If we are headed directly into a tumultuous economic tempest, which is it — a deep 18-month-long Great Recession like the one from December 2007 – June 2009? Or a shorter one, like the recent barely noticeable Covid shutdown recession, which was deep and devastating like a hurricane, but only lasted two months in early 2020? Nobody knows. 

Why not? 

For starters, some businesses excel during downturns. To them an economic hurricane means more sales & profits. According to economists there are more than a dozen recession-resistant industries that consumers can’t turn their backs on when times get tough. You should feel lucky if your business is among them.

However, if your business is not among the lucky few it’s time to grab the wheel and have the crew prep the ship for rough seas ahead, you’ll soon know if you’re well prepared or not. 

The Dos & Don’ts in a recession

It was just a few years ago. Before Covid hit the economic brakes in 2020, online fin-tech banking firm Bluevine found inside 1000 small businesses they surveyed a whopping 80% were indeed “worried” about a recession in the next few years, but only 44 percent had any plans to do anything about it. 

This discovery was the wake-up call for Bluevine CEO Eyal Lifshitz who prophetically warned; “Small businesses should be taking time now to prepare their business while the economy is still strong…” 

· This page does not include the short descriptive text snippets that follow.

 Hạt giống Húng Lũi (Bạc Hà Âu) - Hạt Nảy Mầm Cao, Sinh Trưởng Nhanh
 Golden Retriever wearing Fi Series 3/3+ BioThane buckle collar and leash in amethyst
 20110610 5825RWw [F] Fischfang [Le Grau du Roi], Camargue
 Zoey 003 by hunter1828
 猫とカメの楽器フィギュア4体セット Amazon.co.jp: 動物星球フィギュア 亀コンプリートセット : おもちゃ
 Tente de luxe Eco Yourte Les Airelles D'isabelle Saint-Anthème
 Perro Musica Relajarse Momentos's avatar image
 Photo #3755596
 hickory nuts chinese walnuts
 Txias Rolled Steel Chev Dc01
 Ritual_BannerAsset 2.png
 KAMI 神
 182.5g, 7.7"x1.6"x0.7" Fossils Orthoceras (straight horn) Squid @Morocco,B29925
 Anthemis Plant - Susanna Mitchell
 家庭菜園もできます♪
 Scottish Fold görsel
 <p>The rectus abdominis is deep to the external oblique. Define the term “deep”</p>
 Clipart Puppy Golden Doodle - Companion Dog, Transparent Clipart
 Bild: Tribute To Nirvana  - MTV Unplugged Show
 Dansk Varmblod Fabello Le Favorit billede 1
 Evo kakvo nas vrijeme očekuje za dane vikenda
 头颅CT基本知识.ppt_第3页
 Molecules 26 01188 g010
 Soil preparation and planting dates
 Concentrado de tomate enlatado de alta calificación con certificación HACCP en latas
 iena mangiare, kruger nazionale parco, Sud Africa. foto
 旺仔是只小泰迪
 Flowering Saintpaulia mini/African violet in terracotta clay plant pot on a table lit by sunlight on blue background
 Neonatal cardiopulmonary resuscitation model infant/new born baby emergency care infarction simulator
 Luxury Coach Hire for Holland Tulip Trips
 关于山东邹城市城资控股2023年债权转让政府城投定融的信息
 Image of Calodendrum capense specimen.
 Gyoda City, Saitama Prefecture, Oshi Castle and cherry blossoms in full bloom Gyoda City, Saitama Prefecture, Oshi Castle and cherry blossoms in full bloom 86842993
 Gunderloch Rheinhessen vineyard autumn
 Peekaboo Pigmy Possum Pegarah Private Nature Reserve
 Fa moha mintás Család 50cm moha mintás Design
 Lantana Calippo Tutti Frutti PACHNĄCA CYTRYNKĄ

Looking back 3 years, she was right. 

The Bluevine CEO then went on to advise small business owners during a recession to focus on a few key decision areas which are to me pearls of wisdom that ring true today, and well worth repeating given our situation. So, grab a pencil because now would be a good time to start prepping for the Dos & Don’ts in a recession. Are you ready?

The Dos in a Recession:

  1. Do invest capital wisely: Think short term Breakeven and ROI from inventory to equipment.
  2. Do hire thoughtfully: Never look away from a high-quality new hire. Contract-to-new-hire is a good interim strategy. Anticipate how everyone will perform in a slowdown.
  3. Do diversify revenue streams: Create value add-ons to higher margin products. If you have high customer sales concentration, try to lock down new accounts urgently. Spread the risk. 
  4. Do re-access vendors carefully: Check-in with suppliers. Ask them how they are planning for a supply disruption. Do interview new potential suppliers (substitutes and stand-by vendors) asap.
  5. Do shore up your finances before banks raise interest rates: Cash is still King. Secure short-term working capital financing with your lenders asap. Draw down LOCs, lock-in lower rates and monitor cash flows tightly. Slow any discretionary cash outflows where possible to preserve working capital in the weeks ahead. 

And I added a few more:

  1. Do identify the money-wasting bottlenecks in your work flow processes and remove them.
  2. Do reformulate your product and market sales strategy to plan for customers switching to lower priced substitutes.
  3. Do monitor new promotion and customer acquisition costs carefully.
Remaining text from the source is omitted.